Selon l’association Les Amis du préfou, tout remonterait en 1907 avec l’arrivée d’un immigré Russe dans le sudVendée. Ce dernier utilisait un morceau de pâte à pain pour mesurer la température des fours. À partir des années 1920, un certain Monsieur Rougier, boulanger à Fontenay- leComte, a commencé à mettre du beurre et de l’ail à l’intérieur de ces morceaux de pain précuits et à en distribuer sur les marchés. Dans les années 1960, cette pratique s’est essaimée dans toute la Vendée. On note notamment l’arrivée de René Souchet, ancien boulanger de Fontenay- leComte, à Sallertaine. Depuis une quinzaine d’années, les industriels en produisent. Les garnitures ont commencé à se diversifier. Aujourd’hui on en consomme dans tout le département.
Comment les Vendéens perçoivent-ils le préfou ?
À la date du 20 décembre 2023, on était à plus de 750 réponses. Il en ressort que les Vendéens revendiquent le préfou comme un patrimoine culinaire constitutif de leur identité. S’ils n’excluent pas d’en consommer avec une pluralité de garnitures, ils distinguent le Préfou traditionnel, au beurre et à l’ail, des autres pains apéritifs.
Certains témoignages vous ont-ils surpris ?
Oui plusieurs. Un Vendéen nous a notamment confié avoir un ami des Hauts- de-France qui prépare des Préfous au maroilles. Également, il est fréquent que des touristes fassent le plein de préfous en fin de vacances d’été pour les ramener chez eux, les congeler et les consommer à Noël.
Que se passera- t- il une fois l’enquête terminée ?

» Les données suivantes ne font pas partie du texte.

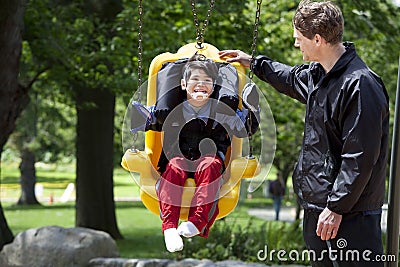 Father pushing disabled boy in special needs swing Stock Photo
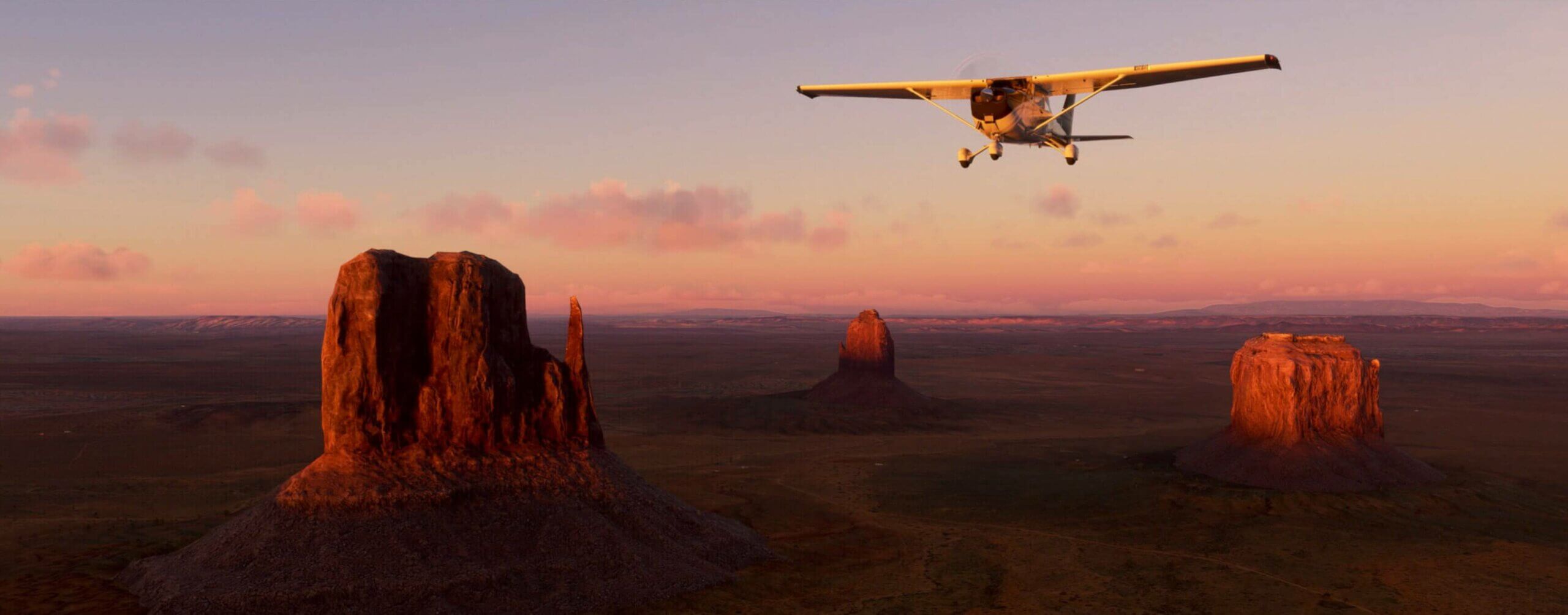 A plane flies over monument valley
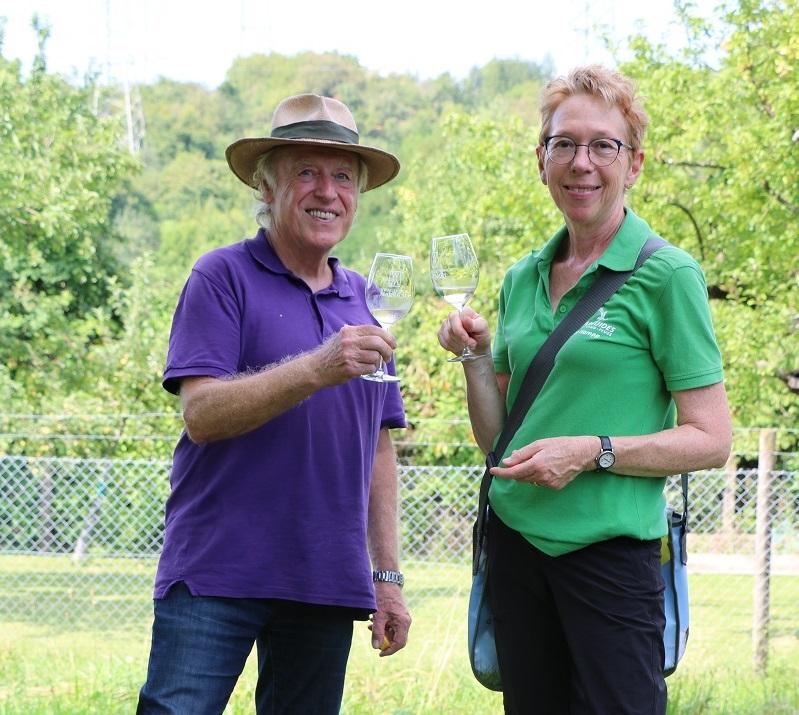 Ein Mann und eine Frau stehen auf eine Wiese und halten jeder ein Glas Weißwein in der Hand.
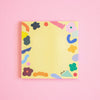 A square yellow notepad with a colourful abstract border of flowers, shapes, and curved lines, photographed flat against a solid pink background. The brand name 'shuh.' is printed in black script near the bottom right corner of the pad.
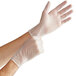 A pair of hands wearing Noble Products clear vinyl gloves.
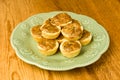 Green plate of pecan tassie cookies Royalty Free Stock Photo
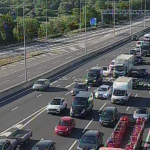 Driver arrested after highways worker hit by van near Gatwick Airport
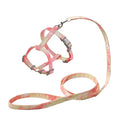 Harnais et laisse pour animal avec un motif tie-dye rose et jaune sur fond blanc

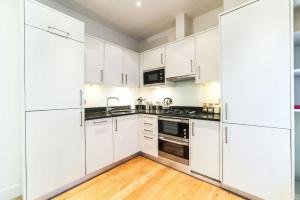 a white kitchen with white cabinets and a wooden floor at StayInn Aldgate East in London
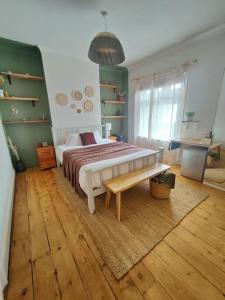 a bedroom with a bed and a bench in it at Sofia's Place - Entire 3bedroom house with mezzanine in Rugby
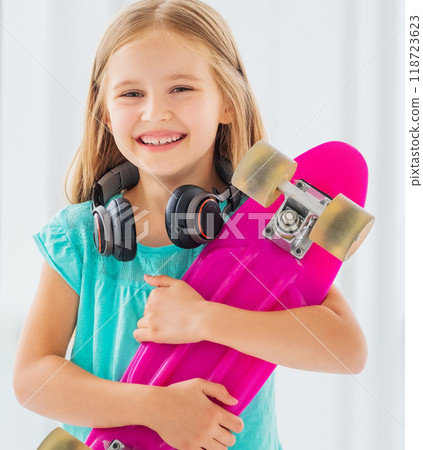 Beatiful kid holding her favorite pink skateboard for going for the walk 118723623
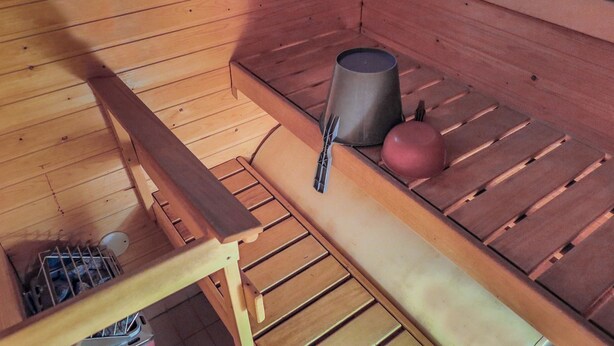 Uma sala de sauna com bancos de madeira, um banco com toalha, um balde de metal e uma bola vermelha.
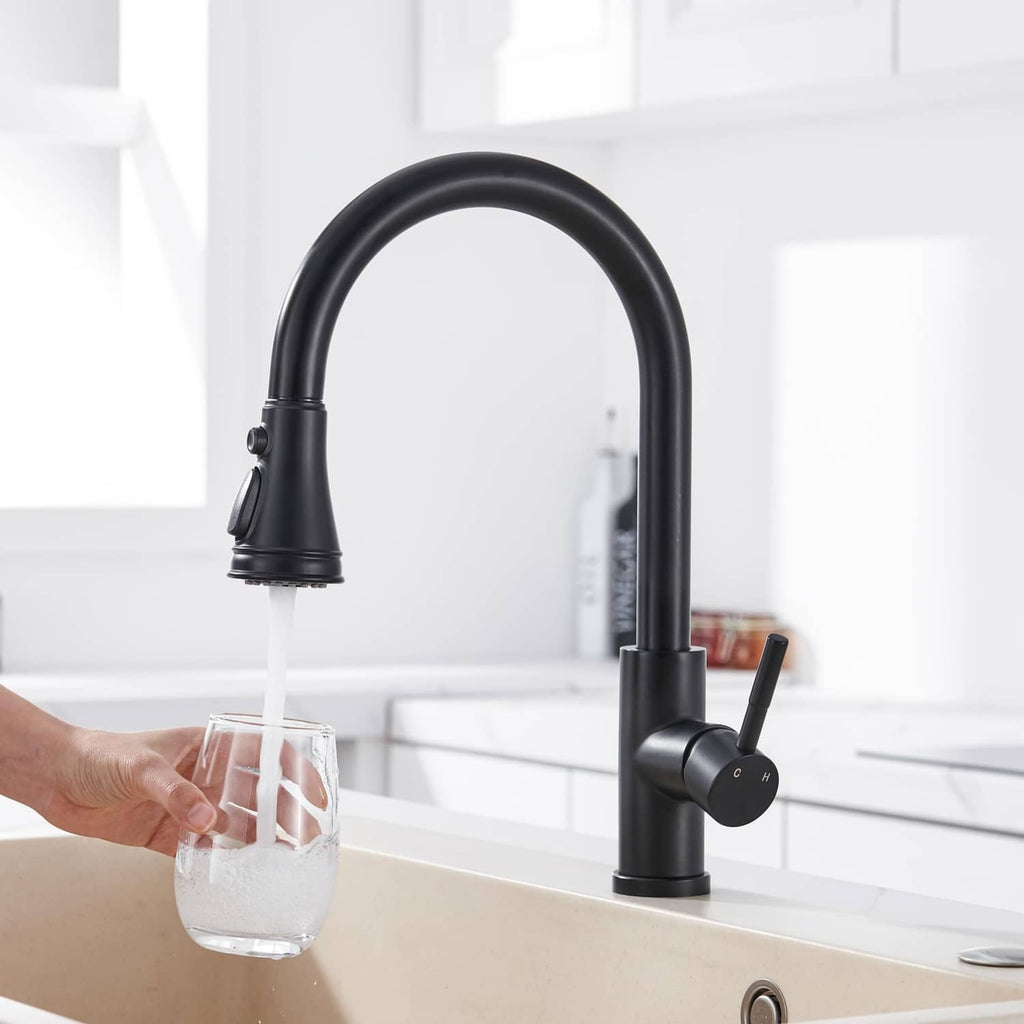 Matte black kitchen faucet with pull-down spout filling a glass with water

La consultation doit se poursuivre jusqu’à début mars. Nous analyserons l’ensemble des données et finaliserons les interviews. Charge ensuite à Vendée qualité de déposer le dossier auprès de l’INAO, fin 2024, et d’échanger avec eux et les professionnels de la filière pour savoir quel label est le plus adapté au Préfou de Vendée. Aujourd’hui Vendée qualité espère obtenir un IGP (Indicateur géographique protégé N.D.L.R.) ce qui permettrait de protéger la recette et le périmètre de fabrication du Préfou de Vendée. Il pourrait être obtenu d’ici à deux ans.
Qu’est- ce que cela changera ?
L’idée n’est pas d’interdire qui que ce soit de faire du préfou. Industriels, boulangers et particuliers pourront continuer à en vendre avec les garnitures de leur choix. Mais ne pourront être qualifiés de « préfou de Vendée » que ceux respectant la recette traditionnelle, avec de l’ail et du beurre, et réalisés en Vendée. Le produit n’en sera pas plus cher pour autant. Cela reste un mets populaire préparé à partir d’ingrédients basiques.

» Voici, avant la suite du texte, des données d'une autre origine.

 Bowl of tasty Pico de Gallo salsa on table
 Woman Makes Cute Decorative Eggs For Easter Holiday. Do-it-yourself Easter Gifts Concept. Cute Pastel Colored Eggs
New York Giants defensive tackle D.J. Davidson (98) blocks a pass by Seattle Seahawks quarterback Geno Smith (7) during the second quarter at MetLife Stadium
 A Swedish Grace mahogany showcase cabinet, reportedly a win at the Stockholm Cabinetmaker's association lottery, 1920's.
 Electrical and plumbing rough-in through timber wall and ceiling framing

Avez-vous déjà travaillé de la sorte pour d’autres produits vendéens ?
Nous avons mené à peu près la même démarche (enquête ethnographique N.D.L.R.) pour la brioche de Vendée. Cette dernière a obtenu un Label Rouge en 2010. Aujourd’hui, pour prétendre vendre une brioche de Vendée, il faut respecter un cahier des charges très strict.